Data Rescue Efforts

Astronomical Plate Collection and Preservation in China
Botanic Garden and Botanical Museum Berlin-Dahlem
Dominion Astrophysical Observatory
International Environmental Data Rescue Organization
Royal Observatory of Belgium
U.S. Geological Survey
U.S. National Archives and Records Administration

Astronomical Plate Collection and Preservation in China

The Astronomical plate collection and preservation project started in July 2008. During the first three years of its currency some important milestones have been reached:

  1. A warehouse specially constructed for storing and preserving astronomical plates was first refurbished so as to maintain an environment that was nearly constant temperature and humidity, and free from dust and moths.
  2. 28994 astronomical plates were then moved into the warehouse. They include 957 plates from Tsingtao Astronomical Observatory, 975 plates from Yunnan Astronomical Observatory, 10624 plates from the National Astronomical Observatories of China (previously called Beijing Astronomical Observatory), 6338 plates from Shanghai Astronomical Observatory, and 10100 plates from Purple Mountain Astronomical Observatory (Nanjing).
  3. An online metadata catalogue for those plates is nearly completed. We have adopted the metadata format of the Wide-Field Plate Database, which was developed by a group at the Bulgarian National Academy of Sciences in Sofia (http://www.skyarchive.org/). When this aspect of the project is completed, the metadata database will be released to the public via the Chinese Virtual Observatory.
  4. Schemes for digitizing the plates are still under discussion. Suggestions are comments are very welcome.
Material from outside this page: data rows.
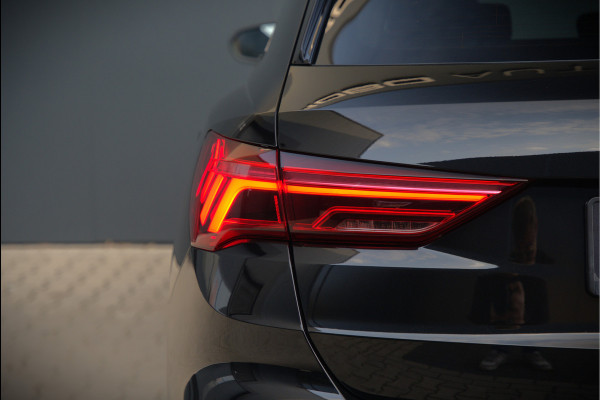 Audi Q3 40 TFSI quattro S Line Pro Line S | 190 PK | Panoramadak | Matrix Led | Stoelverwarming | Leer | Dodehoekdetectie | Automaat | BTW | Black Edition | Cruise Control | Virtual | Navigatie | Dealer Onderhouden | Audi Q3 40 TFSI quattro S Line Pro Line S | 190 PK | Panoramadak | Matrix Led | Stoelverwarming | Leer | Dodehoekdetectie | Automaat | BTW | Black Edition | Cruise Control | Virtual | Navigatie | Dealer Onderhouden |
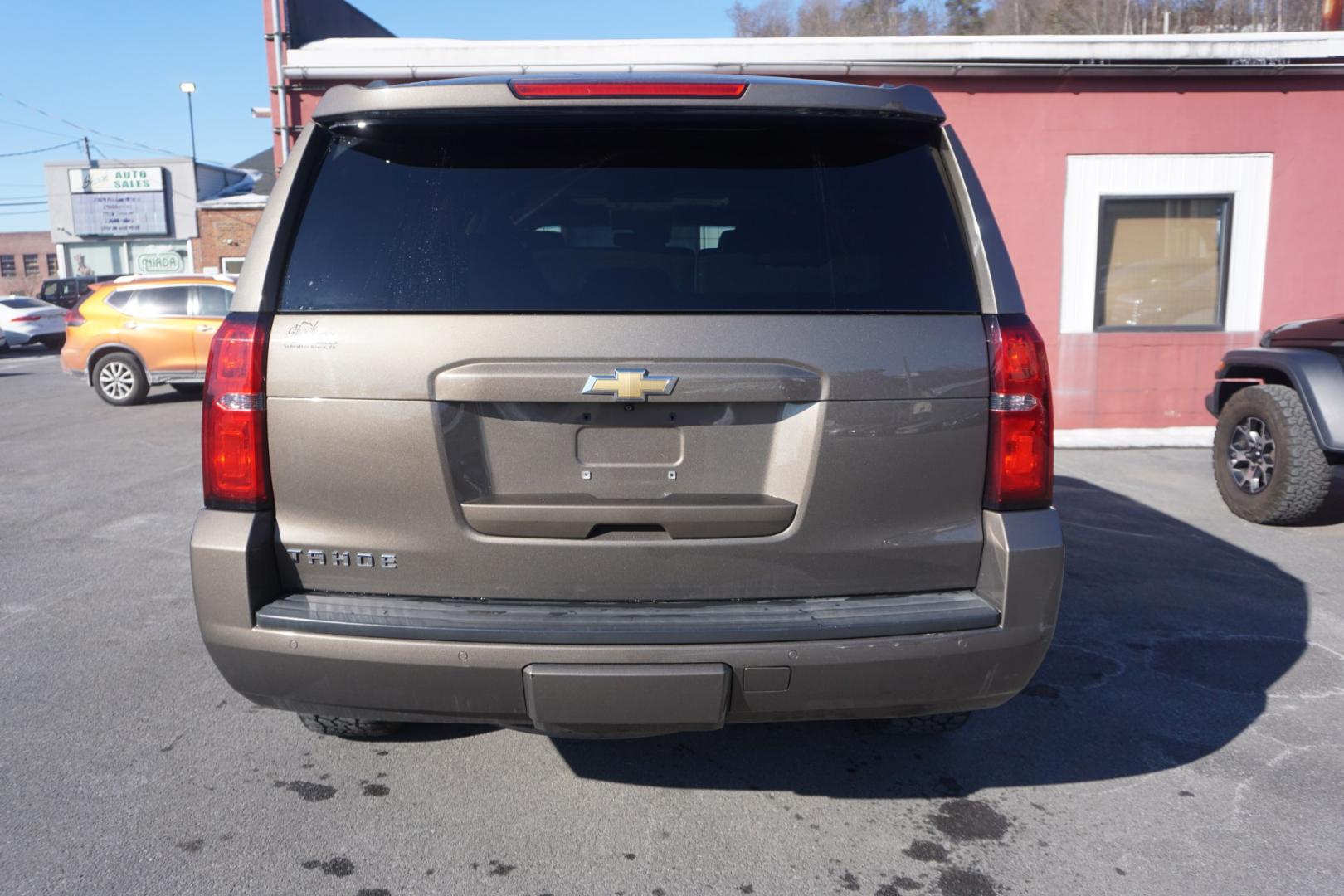 2016 BROWNSTONE METALLIC CHEVROLET TAHOE LT (1GNSKBKC6GR) with an 5.3L V8 engine, AUTOMATIC transmission, located at 312 Centre Ave, Schuylkill Haven, PA, 17972, (570) 593-5278, 40.638130, -76.177383- Photo#10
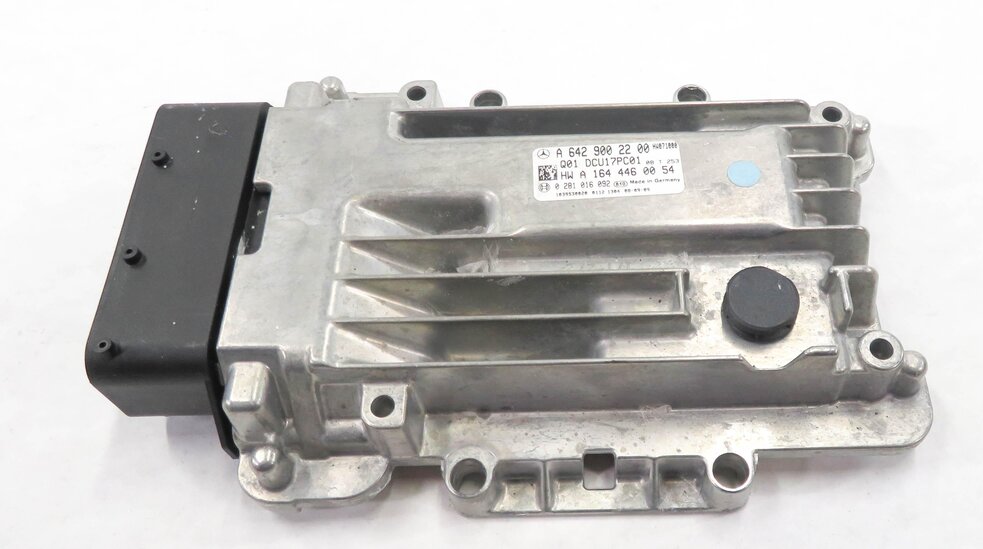Thumbnail 2: 2009-2012 MB GL350 ML320 R350 (W164 X164 R251) DIESEL EMISSIONS CONTROL MODULE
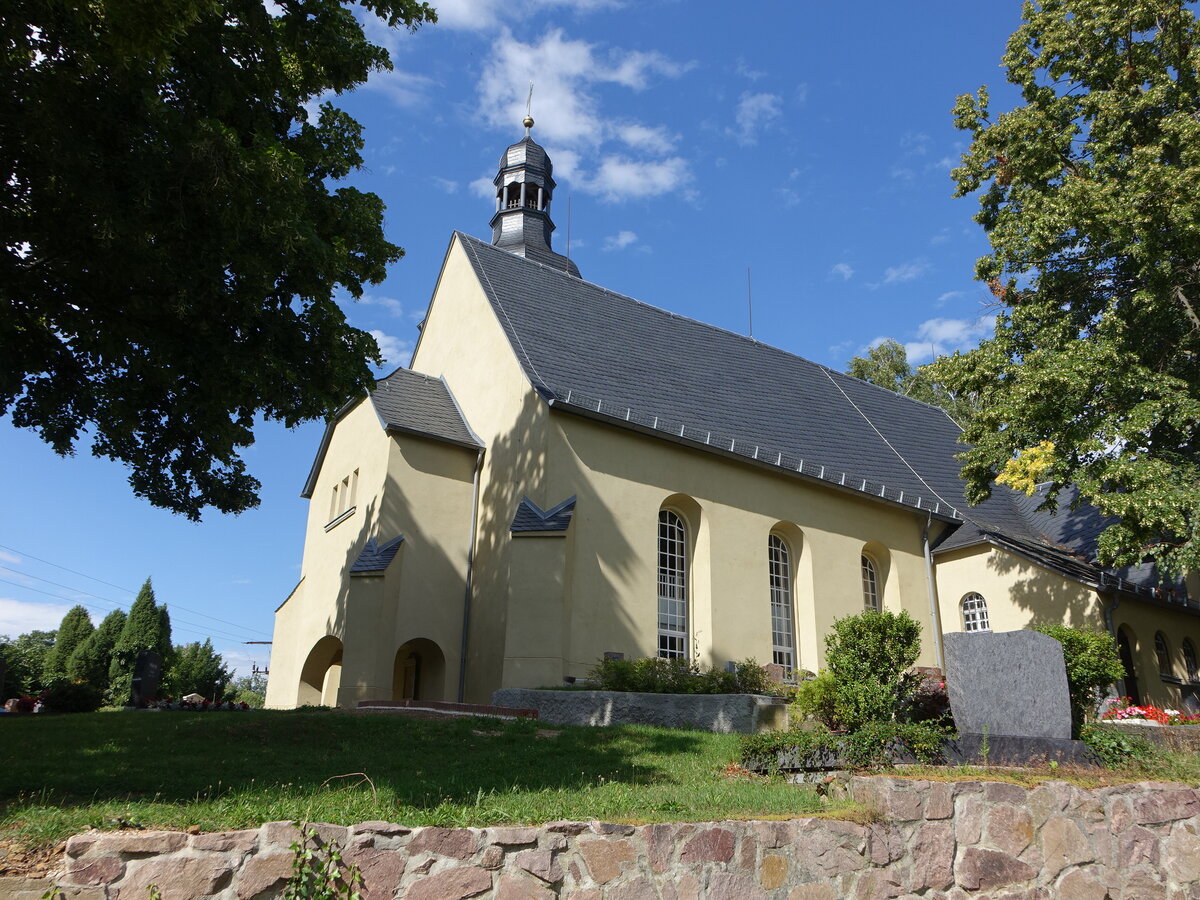 Schnfels, evangelische St. Martin Kirche, erbaut von 1625 bis 1628 (12.08.2023)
Contributors of the project include: Chen Li, Cui Chenzhou, Fu Guohong, Gao Shuling, Hao Jinxin, Hou Jinliang, Jiang Shiyang, Jin Wenjing, Lan Songzhu, Li Jing, Li Jingqian, Li Yan, Mao Yaqing, Wang Qi, Wang Shuhe, Wang Yi, Su Hongjun, Sun Linan, Tang Zhenghong, Yao Baoan, Yin Jisheng, Zhang Jianwei, Zhang Chunsheng, Zhao Jianhai and Zhao Yongheng


Botanic Garden and Botanical Museum Berlin-Dahlem (BGBM)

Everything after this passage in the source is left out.